- What this task involves -
Once the line containing "Gebraucht Mercedes E400" has been written out, stop; until then, restate each line of the entries below word for word from the first.

- Data in this exercise -
╭──

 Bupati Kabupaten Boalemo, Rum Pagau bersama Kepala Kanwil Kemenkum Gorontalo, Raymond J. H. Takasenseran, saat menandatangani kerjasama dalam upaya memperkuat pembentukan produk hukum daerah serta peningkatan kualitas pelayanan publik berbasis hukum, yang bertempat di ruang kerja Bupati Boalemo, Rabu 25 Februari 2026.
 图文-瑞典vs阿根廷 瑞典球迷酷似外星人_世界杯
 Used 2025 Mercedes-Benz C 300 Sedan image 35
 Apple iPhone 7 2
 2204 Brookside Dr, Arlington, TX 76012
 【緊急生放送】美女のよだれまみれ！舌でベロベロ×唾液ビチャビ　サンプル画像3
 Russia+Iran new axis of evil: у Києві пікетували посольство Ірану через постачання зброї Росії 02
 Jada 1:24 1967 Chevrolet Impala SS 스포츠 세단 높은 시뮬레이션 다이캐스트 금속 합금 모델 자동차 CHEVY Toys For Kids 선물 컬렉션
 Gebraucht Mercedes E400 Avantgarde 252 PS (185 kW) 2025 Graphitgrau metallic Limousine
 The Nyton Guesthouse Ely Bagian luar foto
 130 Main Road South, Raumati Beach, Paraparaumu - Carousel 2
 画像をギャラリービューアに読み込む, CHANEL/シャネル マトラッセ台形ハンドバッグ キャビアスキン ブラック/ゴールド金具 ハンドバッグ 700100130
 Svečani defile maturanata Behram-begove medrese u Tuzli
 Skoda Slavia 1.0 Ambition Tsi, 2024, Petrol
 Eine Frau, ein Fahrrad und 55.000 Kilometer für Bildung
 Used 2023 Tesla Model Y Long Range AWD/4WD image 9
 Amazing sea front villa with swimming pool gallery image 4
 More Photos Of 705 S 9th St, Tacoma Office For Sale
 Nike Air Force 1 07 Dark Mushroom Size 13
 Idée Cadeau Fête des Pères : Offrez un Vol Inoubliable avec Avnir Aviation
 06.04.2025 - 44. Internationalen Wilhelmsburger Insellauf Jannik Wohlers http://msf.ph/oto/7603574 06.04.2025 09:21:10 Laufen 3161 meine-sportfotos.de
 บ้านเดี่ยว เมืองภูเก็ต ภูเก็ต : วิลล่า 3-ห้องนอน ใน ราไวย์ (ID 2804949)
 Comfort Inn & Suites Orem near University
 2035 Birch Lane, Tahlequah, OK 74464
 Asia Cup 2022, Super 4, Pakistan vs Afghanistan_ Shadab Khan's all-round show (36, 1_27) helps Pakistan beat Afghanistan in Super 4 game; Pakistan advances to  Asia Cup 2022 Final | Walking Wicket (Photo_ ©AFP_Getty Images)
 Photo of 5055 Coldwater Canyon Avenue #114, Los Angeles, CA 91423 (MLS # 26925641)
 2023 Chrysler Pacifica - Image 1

╰──

- Your solution -
 Bupati Kabupaten Boalemo, Rum Pagau bersama Kepala Kanwil Kemenkum Gorontalo, Raymond J. H. Takasenseran, saat menandatangani kerjasama dalam upaya memperkuat pembentukan produk hukum daerah serta peningkatan kualitas pelayanan publik berbasis hukum, yang bertempat di ruang kerja Bupati Boalemo, Rabu 25 Februari 2026.
 图文-瑞典vs阿根廷 瑞典球迷酷似外星人_世界杯
 Used 2025 Mercedes-Benz C 300 Sedan image 35
 Apple iPhone 7 2
 2204 Brookside Dr, Arlington, TX 76012
 【緊急生放送】美女のよだれまみれ！舌でベロベロ×唾液ビチャビ　サンプル画像3
 Russia+Iran new axis of evil: у Києві пікетували посольство Ірану через постачання зброї Росії 02
 Jada 1:24 1967 Chevrolet Impala SS 스포츠 세단 높은 시뮬레이션 다이캐스트 금속 합금 모델 자동차 CHEVY Toys For Kids 선물 컬렉션
 Gebraucht Mercedes E400 Avantgarde 252 PS (185 kW) 2025 Graphitgrau metallic Limousine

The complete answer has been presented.